In the past, those who view live-streamed child sexual abuse have sometimes been given lighter sentences if the authorities could not prove a recording was made. New plans, laid out in the Queen’s speech will close the loophole in the Sexual Offences Act 2003 and will introduce sanctions for professionals who turn a blind eye to child sexual abuse.
Christian Berg, CEO at NetClean, expert in the tracking, alerting and analysis of child sexual abuse commented:
“Live-streamed child sexual abuse is a horrifying example of how abusers are hijacking the services and technologies we all use. These individuals are early adopters and are turning child sexual abuse into a sophisticated online enterprise.
Live-streamed abuse often occurs in countries with poor social services provision, however the crime of watching and consuming this abuse happens worldwide. Closing this loophole is a great step forward from a legal perspective, but the work to track and analyse this method of abuse is still in its infancy.
Live-streamed abuse is a crime that is extremely hard to detect and investigate. It is rapid, instantaneous and crimes are taking place simultaneously around the world. Already our law enforcement services are playing technological catch-up to a rapidly evolving crime type. They need greater resources, better information sharing, consistent enforcement and greater support from the technology industry.

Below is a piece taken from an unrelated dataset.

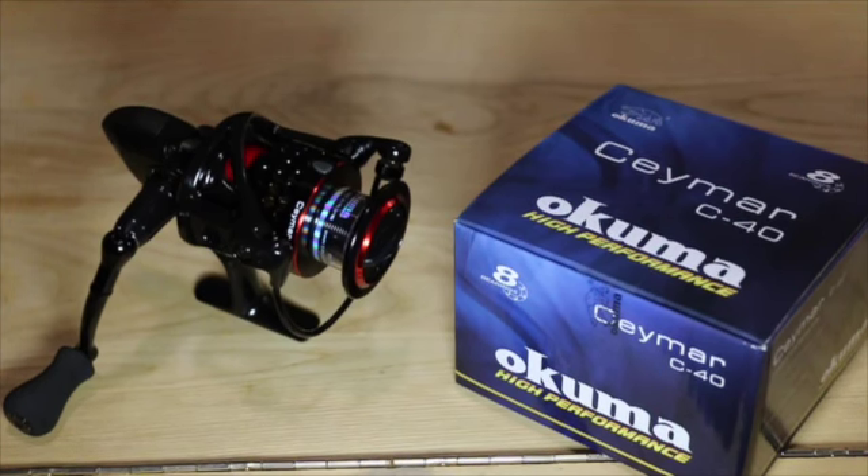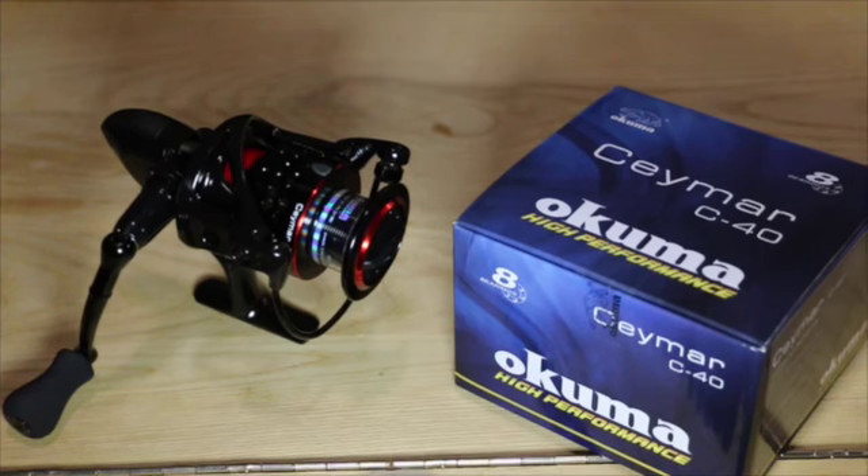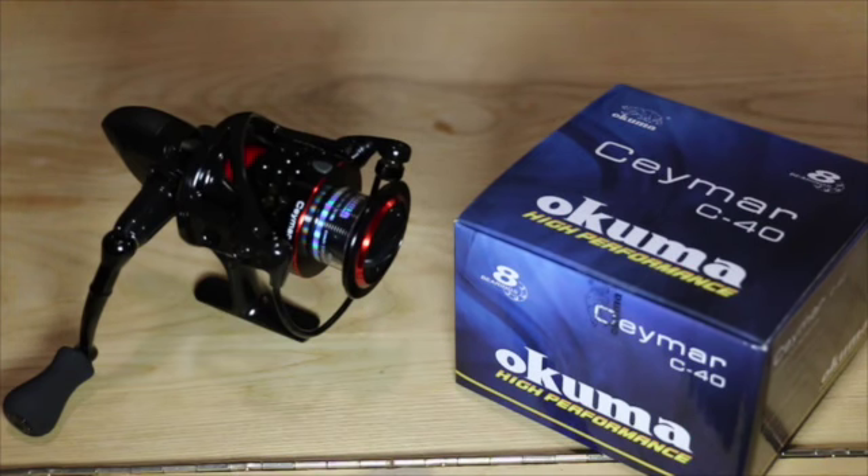This reel comes with a rigid forged aluminum handle system, lightweight EVA handle knob for comfort, precision elliptical gear system, machined aluminum two-tone anodized spool, and heavy-duty solid aluminum bail wire. It has a computer-balanced rotor equalizing system and narrow-body design for reduced fatigue.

As a society we need to evolve our attitude to online child sexual abuse and accept that each of these images and videos is a crime-scene. Even our terminology, ‘child pornography’, legitimises this hugely damaging victimisation and serious crime as a sexual predilection. The sanctions for those who turn a blind eye are a hugely positive step in encouraging our mutual responsibility. But in reality we can’t just look to social services, teachers and doctors to identify and stop abuse. It starts in every community.”